### YOUR TASK
Everything from the line with "Salmon Fish Bones Skull T-Shirt" through the last line of the data below should be copied exactly, apart from the pictures.

### DATA

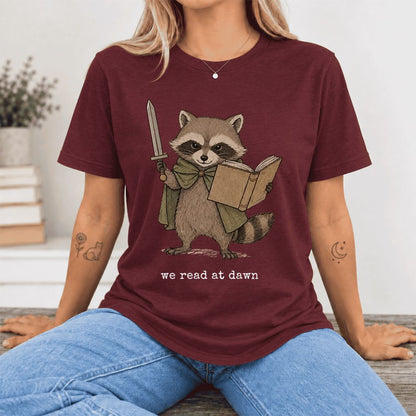 We Read At Dawn Funny Racoon Ultra-Soft Cotton T-Shirt | Playful Reader Gift Maroon
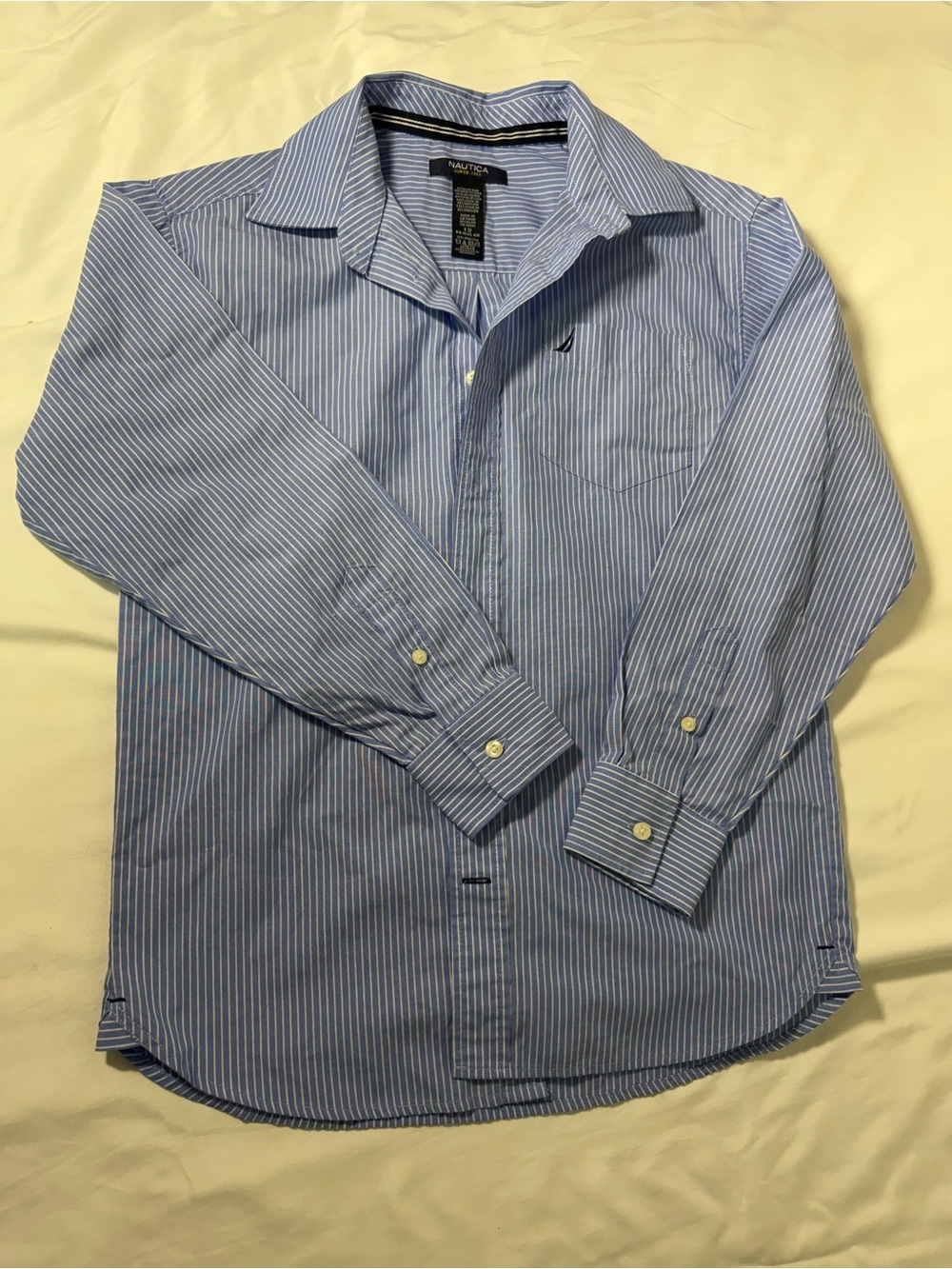 Nautica boys Blue Stripe Button-Down Shirt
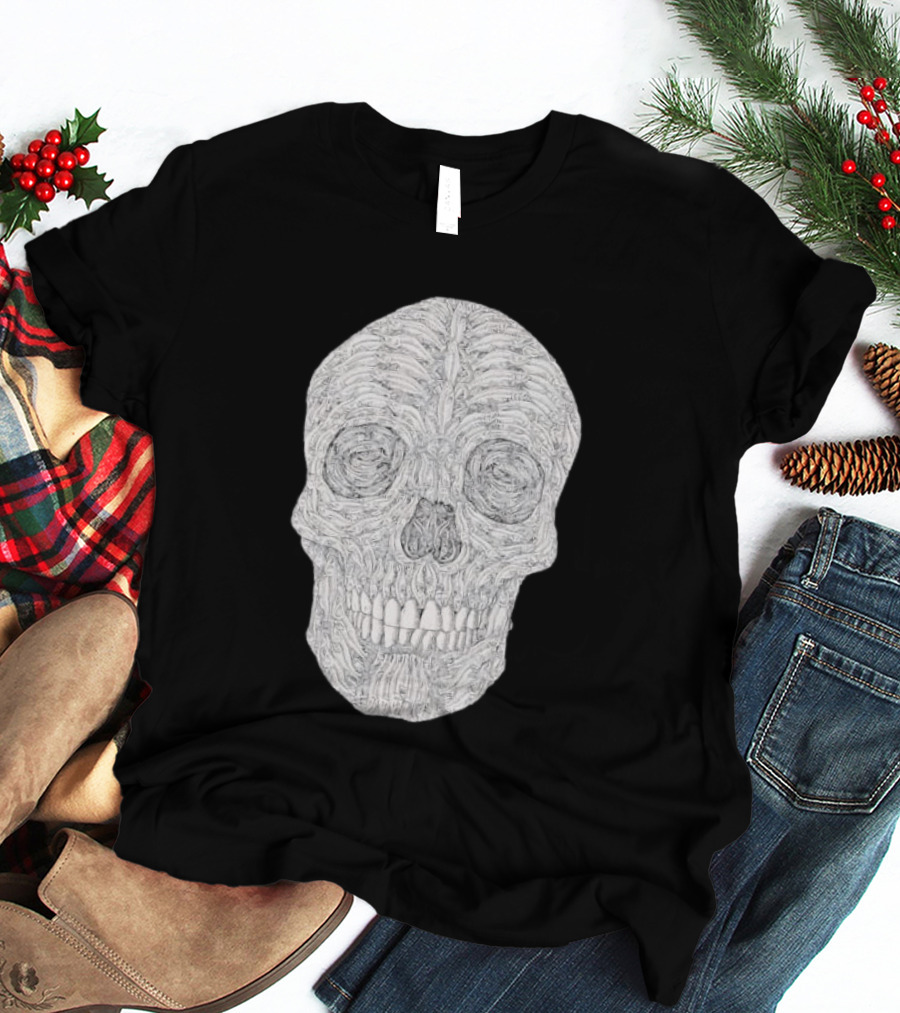 Salmon Fish Bones Skull T-Shirt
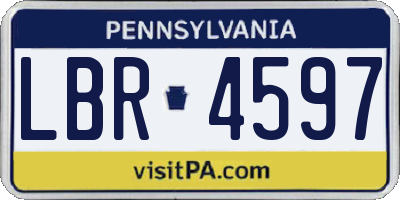 PA license plate LBR4597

### ANSWER TO THIS EXERCISE
 Salmon Fish Bones Skull T-Shirt
 PA license plate LBR4597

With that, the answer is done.